Problem Description
Give you three sequences of numbers A, B, C, then we give you a number X. Now you need to calculate if you can find the three numbers Ai, Bj, Ck, which satisfy the formula Ai+Bj+Ck = X.
Input
There are many cases. Every data case is described as followed: In the first line there are three integers L, N, M, in the second line there are L integers represent the sequence A, in the third line there are N integers represent the sequences B, in the forth line there are M integers represent the sequence C. In the fifth line there is an integer S represents there are S integers X to be calculated. 1<=L, N, M<=500, 1<=S<=1000. all the integers are 32-integers.
Output
For each case, firstly you have to print the case number as the form "Case d:", then for the S queries, you calculate if the formula can be satisfied or not.
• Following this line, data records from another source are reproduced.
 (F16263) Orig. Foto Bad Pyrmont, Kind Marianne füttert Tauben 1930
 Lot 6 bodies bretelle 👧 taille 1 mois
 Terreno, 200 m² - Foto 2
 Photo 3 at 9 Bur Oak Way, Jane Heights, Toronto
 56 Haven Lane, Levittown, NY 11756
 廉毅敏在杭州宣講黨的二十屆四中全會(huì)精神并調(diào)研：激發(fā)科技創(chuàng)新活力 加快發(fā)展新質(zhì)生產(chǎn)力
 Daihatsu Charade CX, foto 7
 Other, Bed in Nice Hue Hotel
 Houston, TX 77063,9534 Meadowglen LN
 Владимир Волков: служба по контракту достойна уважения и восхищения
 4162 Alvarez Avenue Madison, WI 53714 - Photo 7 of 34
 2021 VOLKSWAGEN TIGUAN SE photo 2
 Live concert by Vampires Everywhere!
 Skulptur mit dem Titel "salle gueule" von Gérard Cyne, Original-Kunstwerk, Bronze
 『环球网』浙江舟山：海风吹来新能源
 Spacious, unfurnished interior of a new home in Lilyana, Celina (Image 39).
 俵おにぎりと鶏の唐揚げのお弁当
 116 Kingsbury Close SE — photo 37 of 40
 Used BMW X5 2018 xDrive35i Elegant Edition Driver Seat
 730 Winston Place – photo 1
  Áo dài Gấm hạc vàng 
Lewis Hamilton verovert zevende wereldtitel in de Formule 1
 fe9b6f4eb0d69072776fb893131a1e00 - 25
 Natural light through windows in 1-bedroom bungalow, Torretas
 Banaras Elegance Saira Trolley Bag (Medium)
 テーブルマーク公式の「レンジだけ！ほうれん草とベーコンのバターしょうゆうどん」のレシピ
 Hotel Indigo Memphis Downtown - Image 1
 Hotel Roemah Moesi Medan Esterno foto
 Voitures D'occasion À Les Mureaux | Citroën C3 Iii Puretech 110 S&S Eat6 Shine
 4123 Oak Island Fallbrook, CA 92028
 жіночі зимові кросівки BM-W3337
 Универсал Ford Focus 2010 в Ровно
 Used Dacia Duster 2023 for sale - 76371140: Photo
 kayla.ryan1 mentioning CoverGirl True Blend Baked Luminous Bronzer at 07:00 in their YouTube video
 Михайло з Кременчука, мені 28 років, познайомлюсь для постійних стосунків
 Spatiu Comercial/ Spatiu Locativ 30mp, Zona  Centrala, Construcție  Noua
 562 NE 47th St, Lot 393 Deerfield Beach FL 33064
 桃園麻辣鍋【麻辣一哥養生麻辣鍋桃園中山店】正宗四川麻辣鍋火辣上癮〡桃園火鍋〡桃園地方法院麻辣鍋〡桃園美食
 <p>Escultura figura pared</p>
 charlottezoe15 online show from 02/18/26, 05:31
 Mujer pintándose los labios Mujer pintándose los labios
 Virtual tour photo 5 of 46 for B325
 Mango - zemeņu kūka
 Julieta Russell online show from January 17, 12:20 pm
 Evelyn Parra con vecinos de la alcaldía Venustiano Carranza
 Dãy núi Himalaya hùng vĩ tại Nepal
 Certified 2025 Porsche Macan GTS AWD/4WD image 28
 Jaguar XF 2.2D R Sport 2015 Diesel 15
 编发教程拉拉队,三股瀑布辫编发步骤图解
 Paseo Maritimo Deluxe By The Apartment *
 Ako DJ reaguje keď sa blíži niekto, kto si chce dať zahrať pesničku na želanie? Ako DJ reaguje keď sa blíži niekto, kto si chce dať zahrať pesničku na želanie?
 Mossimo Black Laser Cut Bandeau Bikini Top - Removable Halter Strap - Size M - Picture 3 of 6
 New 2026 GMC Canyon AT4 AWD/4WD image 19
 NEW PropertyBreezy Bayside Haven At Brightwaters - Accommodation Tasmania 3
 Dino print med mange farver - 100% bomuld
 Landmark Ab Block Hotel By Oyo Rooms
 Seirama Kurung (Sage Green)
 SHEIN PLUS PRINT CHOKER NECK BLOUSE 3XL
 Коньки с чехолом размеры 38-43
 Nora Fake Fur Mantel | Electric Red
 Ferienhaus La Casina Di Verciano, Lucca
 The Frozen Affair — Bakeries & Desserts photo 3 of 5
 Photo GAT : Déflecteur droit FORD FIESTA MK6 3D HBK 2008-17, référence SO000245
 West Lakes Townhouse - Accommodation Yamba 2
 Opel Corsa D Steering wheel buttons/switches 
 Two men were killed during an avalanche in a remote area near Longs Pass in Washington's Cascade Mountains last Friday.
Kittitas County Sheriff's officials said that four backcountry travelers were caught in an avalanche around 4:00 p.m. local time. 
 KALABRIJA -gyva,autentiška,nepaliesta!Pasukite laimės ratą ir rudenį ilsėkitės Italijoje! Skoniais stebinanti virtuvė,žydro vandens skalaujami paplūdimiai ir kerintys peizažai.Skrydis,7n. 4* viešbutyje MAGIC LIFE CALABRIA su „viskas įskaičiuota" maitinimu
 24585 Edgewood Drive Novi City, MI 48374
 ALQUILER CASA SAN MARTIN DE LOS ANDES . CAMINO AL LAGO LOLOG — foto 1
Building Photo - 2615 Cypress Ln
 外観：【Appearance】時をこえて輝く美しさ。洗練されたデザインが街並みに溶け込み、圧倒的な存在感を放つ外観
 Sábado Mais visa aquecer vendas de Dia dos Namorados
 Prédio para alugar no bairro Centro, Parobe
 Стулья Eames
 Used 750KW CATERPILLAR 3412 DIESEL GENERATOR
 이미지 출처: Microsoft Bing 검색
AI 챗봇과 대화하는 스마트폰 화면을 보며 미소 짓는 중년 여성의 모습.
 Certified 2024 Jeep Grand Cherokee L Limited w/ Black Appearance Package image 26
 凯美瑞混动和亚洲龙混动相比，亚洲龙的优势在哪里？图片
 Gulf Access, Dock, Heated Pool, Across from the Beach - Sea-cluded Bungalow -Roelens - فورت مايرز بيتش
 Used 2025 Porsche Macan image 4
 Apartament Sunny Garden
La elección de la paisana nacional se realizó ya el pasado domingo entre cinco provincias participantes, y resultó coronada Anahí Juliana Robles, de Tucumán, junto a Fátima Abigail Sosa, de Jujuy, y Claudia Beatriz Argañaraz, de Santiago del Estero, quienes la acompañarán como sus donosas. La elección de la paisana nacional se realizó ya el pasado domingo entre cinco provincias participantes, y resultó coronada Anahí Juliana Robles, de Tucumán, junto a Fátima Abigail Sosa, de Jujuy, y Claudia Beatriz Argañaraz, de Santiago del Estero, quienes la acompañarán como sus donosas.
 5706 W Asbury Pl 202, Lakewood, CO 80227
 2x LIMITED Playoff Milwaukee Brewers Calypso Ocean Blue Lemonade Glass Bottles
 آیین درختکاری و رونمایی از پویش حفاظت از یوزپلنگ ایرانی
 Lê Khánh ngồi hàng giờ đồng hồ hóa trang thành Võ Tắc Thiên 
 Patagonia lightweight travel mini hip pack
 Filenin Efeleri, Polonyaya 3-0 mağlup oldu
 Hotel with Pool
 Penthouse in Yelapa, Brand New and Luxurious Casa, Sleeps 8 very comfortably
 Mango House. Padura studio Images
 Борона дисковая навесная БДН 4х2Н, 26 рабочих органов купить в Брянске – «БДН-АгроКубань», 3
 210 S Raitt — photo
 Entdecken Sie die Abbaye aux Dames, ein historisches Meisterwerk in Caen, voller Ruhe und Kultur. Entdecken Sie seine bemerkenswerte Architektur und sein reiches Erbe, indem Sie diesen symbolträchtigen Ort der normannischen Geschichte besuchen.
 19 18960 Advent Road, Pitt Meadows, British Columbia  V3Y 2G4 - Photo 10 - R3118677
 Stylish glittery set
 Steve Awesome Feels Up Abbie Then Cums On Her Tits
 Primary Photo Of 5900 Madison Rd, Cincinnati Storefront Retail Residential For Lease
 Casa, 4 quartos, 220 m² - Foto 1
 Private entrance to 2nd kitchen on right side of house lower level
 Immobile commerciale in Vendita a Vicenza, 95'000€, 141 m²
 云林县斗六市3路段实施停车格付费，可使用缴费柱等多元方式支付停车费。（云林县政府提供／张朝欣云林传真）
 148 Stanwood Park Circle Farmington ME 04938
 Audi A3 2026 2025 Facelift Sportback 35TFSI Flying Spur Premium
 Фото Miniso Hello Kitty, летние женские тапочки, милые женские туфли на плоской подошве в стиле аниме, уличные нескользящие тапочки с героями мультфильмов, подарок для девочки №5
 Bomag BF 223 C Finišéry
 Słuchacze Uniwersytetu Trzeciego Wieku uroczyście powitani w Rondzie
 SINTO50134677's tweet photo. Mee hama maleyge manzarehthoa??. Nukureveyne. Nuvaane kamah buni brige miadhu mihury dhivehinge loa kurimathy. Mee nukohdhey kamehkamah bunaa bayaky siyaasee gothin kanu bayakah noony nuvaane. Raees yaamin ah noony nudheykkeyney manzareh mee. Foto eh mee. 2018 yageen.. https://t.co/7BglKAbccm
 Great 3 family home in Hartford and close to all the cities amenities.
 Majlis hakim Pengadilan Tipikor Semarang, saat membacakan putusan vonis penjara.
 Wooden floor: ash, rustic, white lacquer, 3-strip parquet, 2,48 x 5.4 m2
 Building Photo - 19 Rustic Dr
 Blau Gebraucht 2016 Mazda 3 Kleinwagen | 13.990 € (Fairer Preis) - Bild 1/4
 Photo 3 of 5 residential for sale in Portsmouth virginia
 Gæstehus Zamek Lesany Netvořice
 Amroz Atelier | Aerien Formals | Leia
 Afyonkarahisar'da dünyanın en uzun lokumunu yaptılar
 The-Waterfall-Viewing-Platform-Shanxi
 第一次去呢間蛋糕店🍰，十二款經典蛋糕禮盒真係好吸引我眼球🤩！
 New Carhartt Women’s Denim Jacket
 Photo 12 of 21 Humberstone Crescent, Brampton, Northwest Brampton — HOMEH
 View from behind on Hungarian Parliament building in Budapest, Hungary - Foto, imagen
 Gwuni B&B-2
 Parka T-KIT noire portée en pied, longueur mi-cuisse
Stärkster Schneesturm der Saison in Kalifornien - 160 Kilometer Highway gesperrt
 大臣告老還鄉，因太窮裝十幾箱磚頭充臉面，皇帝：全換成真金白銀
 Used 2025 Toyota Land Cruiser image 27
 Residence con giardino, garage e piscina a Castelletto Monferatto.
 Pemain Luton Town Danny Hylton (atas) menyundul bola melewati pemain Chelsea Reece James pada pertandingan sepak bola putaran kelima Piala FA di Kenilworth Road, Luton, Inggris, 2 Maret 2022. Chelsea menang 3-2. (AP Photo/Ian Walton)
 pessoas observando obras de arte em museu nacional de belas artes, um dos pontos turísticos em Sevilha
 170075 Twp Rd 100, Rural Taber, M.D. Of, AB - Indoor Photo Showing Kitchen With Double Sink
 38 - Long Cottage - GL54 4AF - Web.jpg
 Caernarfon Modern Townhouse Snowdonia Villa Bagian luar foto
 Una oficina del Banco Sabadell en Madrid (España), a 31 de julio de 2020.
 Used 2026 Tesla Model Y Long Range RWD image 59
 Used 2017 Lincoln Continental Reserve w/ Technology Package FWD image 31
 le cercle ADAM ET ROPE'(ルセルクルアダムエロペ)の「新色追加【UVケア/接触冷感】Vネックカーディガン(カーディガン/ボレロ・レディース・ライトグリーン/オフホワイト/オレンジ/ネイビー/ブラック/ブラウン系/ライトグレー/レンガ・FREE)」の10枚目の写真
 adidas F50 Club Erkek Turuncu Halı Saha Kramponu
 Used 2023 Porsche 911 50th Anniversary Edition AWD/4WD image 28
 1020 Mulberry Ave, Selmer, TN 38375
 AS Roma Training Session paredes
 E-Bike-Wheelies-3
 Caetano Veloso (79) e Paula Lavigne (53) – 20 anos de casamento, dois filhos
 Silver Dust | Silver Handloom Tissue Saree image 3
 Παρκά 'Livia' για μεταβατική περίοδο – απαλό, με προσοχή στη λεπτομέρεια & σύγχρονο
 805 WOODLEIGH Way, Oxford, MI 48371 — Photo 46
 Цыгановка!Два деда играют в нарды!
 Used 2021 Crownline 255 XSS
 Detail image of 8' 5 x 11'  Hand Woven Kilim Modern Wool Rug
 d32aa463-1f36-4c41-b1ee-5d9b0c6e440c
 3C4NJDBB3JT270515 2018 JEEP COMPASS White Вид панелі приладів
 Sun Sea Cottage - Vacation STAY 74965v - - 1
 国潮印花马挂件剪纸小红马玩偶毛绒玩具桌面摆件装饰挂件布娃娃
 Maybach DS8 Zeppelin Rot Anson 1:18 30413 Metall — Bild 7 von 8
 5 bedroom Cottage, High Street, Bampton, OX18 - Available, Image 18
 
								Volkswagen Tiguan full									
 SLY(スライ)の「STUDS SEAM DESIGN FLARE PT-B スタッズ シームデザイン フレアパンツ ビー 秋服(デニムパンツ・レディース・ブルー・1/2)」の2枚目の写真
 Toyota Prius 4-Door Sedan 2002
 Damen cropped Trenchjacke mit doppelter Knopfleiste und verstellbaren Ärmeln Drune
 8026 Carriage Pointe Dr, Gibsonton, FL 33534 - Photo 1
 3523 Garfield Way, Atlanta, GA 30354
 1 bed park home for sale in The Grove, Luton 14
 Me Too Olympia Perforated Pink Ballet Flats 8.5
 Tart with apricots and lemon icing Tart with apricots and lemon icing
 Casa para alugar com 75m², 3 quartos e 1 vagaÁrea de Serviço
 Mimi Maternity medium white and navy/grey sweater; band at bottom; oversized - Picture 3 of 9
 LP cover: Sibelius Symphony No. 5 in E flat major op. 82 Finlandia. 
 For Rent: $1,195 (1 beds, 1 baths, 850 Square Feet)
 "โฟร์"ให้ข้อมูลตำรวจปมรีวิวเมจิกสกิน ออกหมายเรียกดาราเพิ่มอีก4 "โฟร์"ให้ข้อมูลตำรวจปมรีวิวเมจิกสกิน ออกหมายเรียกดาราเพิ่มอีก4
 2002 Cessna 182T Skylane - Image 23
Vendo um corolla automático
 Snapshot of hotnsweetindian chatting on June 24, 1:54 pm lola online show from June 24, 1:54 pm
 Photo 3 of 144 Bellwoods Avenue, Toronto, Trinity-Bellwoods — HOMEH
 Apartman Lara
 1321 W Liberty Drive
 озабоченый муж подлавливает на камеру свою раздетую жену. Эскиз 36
If satisfied, you print "YES", otherwise print "NO".
Sample Input
3 3 3 1 2 3 1 2 3 1 2 3 3 1 4 10
Sample Output
Case 1: NO YES NO
Author
wangye
Source
HDU 2007-11 Programming Contest
#include <bits/stdc++.h>
using namespace std;
int l,n,m;
int a[505],b[505],c[505];
int d[250050];
int t=0;
void erfen(int X)
{
for(int i=0;i<m;i++) //枚举较小的数组
{
int x=X-c[i];
int L=0,R=t-1;
//搜索的数组范围
while(L<=R)
{ //二分搜索较大的数组
int mid=(L+R)/2;
if(d[mid]<x)
L=mid+1;
else if(d[mid]>x)
R=mid-1;
else
{
printf("YES\n");
return;
}
}
}
printf("NO\n");
return;
}
int main()
{
int ans=0;
while(~scanf("%d%d%d",&l,&n,&m))
{
printf("Case %d:\n",++ans);
for(int i=0;i<l;i++)
scanf("%d",&a[i]);
for(int i=0;i<n;i++)
scanf("%d",&b[i]);
for(int i=0;i<m;i++)
scanf("%d",&c[i]);
t=0;
for(int i=0;i<l;i++)
for(int j=0;j<n;j++)
d[t++]=a[i]+b[j];
sort(d,d+t); //搜索前排序
int s;
scanf("%d",&s);
while(s--)
{
int x;
scanf("%d",&x);
erfen(x);
}
}
return 0;
}
#include <bits/stdc++.h> //set 内存超限
using namespace std;
int l,n,m;
int a[505],b[505],c[505];
int d[250050];
set<int>ss;
int main()
{
int ans=0;
while(~scanf("%d%d%d",&l,&n,&m))
{
ss.clear();
printf("Case %d:\n",++ans);
for(int i=0;i<l;i++)
scanf("%d",&a[i]);
for(int i=0;i<n;i++)
scanf("%d",&b[i]);
for(int i=0;i<m;i++)
scanf("%d",&c[i]);
for(int i=0;i<l;i++)
for(int j=0;j<n;j++)
ss.insert(a[i]+b[j]);
int s;
scanf("%d",&s);
while(s--)
{
int x;
scanf("%d",&x);
int flag=0;
for(int i=0;i<m;i++)
{
if(ss.count(x-c[i]))
{
flag=1;
break;
}
}
if(flag) printf("YES\n");
else printf("NO\n");
}
}
return 0;
}
#include <bits/stdc++.h>
using namespace std;
const int mod=177777; //玄学取模
int l,n,m;
int a[505],b[505],c[505];
int head[190050],tol;
struct node
{
int to,next;
}rode[2500005];
bool find(int y)
{
int x=y%mod;
for(int i=head[x];i!=-1;i=rode[i].next)
if(rode[i].to==y)return 1;
return 0;
}
void add(int y)
{
int x=y%mod;
rode[tol].to=y;
rode[tol].next=head[x];
head[x]=tol++;
}
int main()
{
int ans=0;
while(~scanf("%d%d%d",&l,&n,&m))
{
tol=0;
memset(head,-1,sizeof(head));
printf("Case %d:\n",++ans);
for(int i=0;i<l;i++)
scanf("%d",&a[i]);
for(int i=0;i<n;i++)
scanf("%d",&b[i]);
for(int i=0;i<m;i++)
scanf("%d",&c[i]);
for(int i=0;i<l;i++)
for(int j=0;j<n;j++)
if(!find((a[i]+b[j])))
add(a[i]+b[j]);
int s;
scanf("%d",&s);
while(s--)
{
int x;
scanf("%d",&x);
int flag=0;
for(int i=0;i<m;i++)
{
if(find(x-c[i]))
{
flag=1;
break;
}
}
if(flag) printf("YES\n");
else printf("NO\n");
}
}
return 0;
}